### PROBLEM STATEMENT:
Transcribe, exactly and in full, every record shown below, while omitting its images.

····················

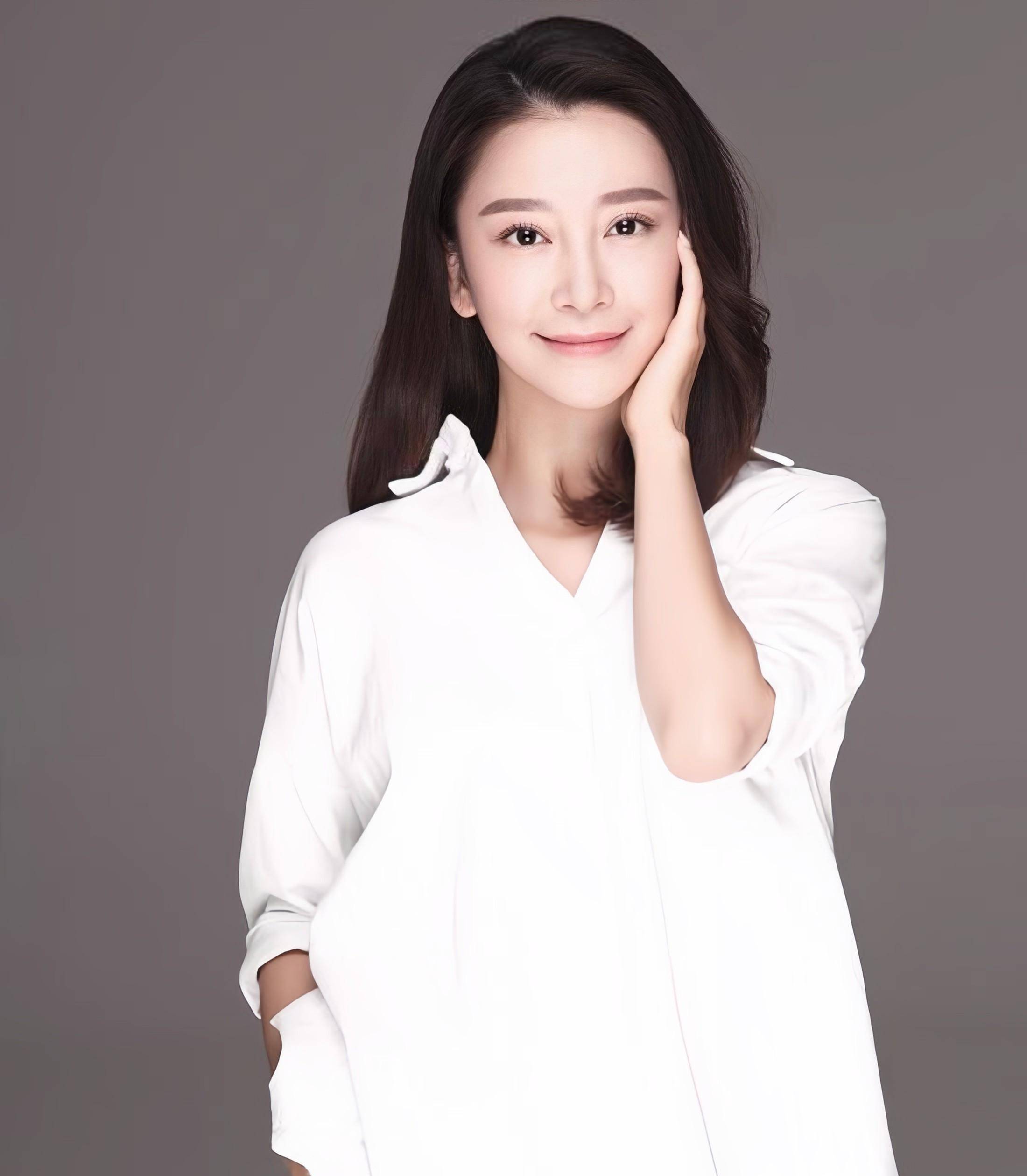 《父母爱情》不起眼女配角,戏外貌美不输女主,她们还是亲姐妹_安杰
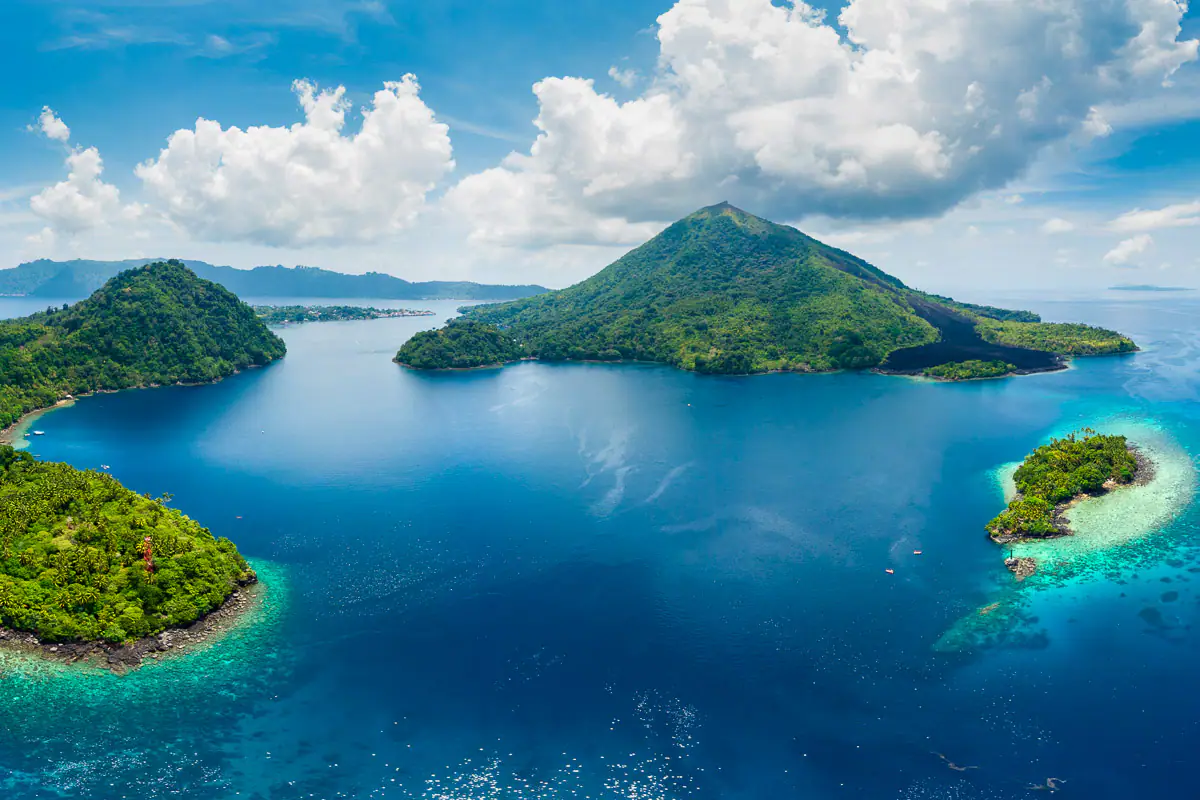 Gunung Api of Banda Sea - The Historical Island of Indonesia | The Yacht Club Indonesia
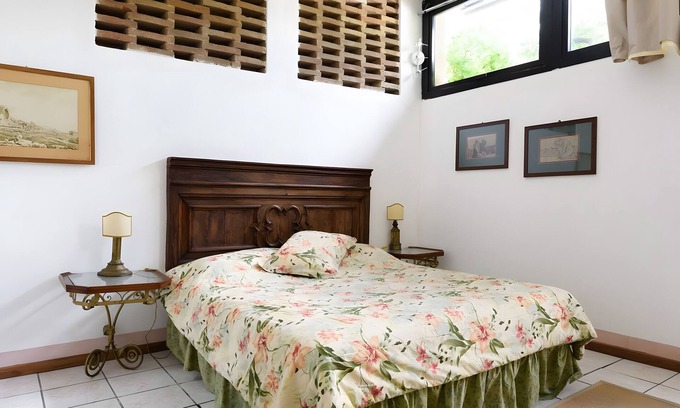 Vescovado Apartment | Apartment 'Glicine - Antiche Dimore' with Shared Pool, Wi-Fi and Air Conditioning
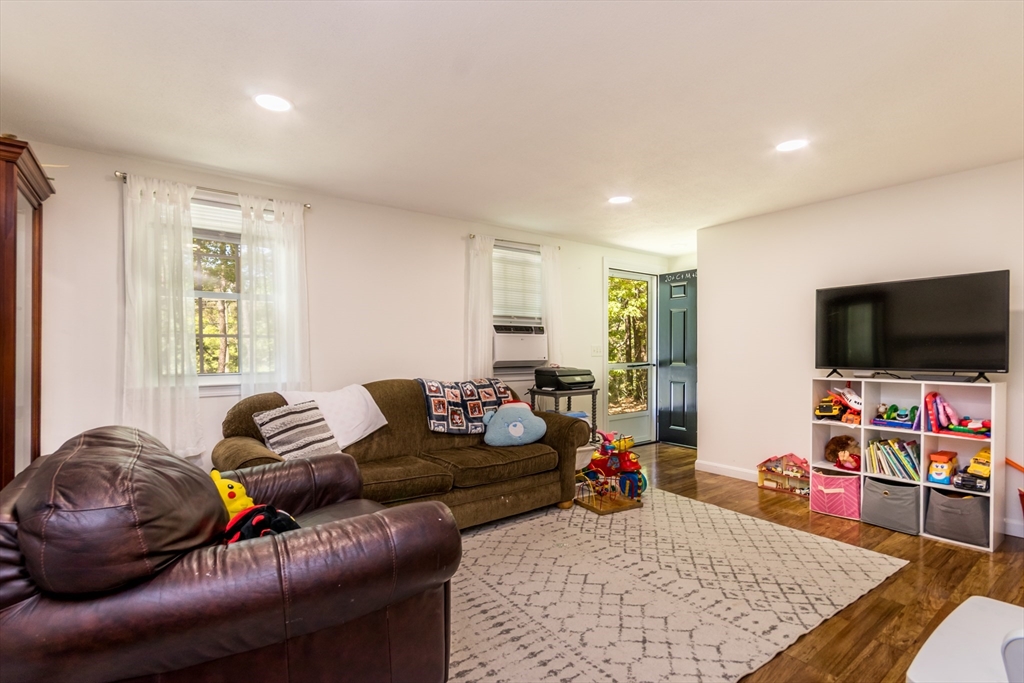 490 Forest Rd
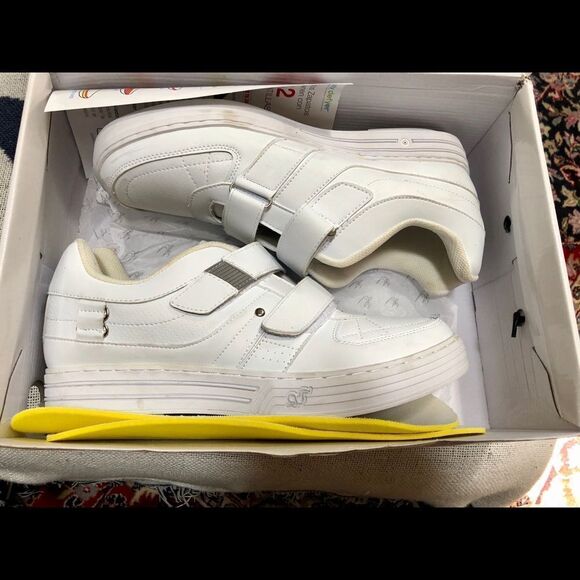 Quality shoes (12.5)GDEFY by Gravity Defyer - Picture 1 of 10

····················

### WRITTEN RESPONSE:
 《父母爱情》不起眼女配角,戏外貌美不输女主,她们还是亲姐妹_安杰
 Gunung Api of Banda Sea - The Historical Island of Indonesia | The Yacht Club Indonesia
 Vescovado Apartment | Apartment 'Glicine - Antiche Dimore' with Shared Pool, Wi-Fi and Air Conditioning
 490 Forest Rd
 Quality shoes (12.5)GDEFY by Gravity Defyer - Picture 1 of 10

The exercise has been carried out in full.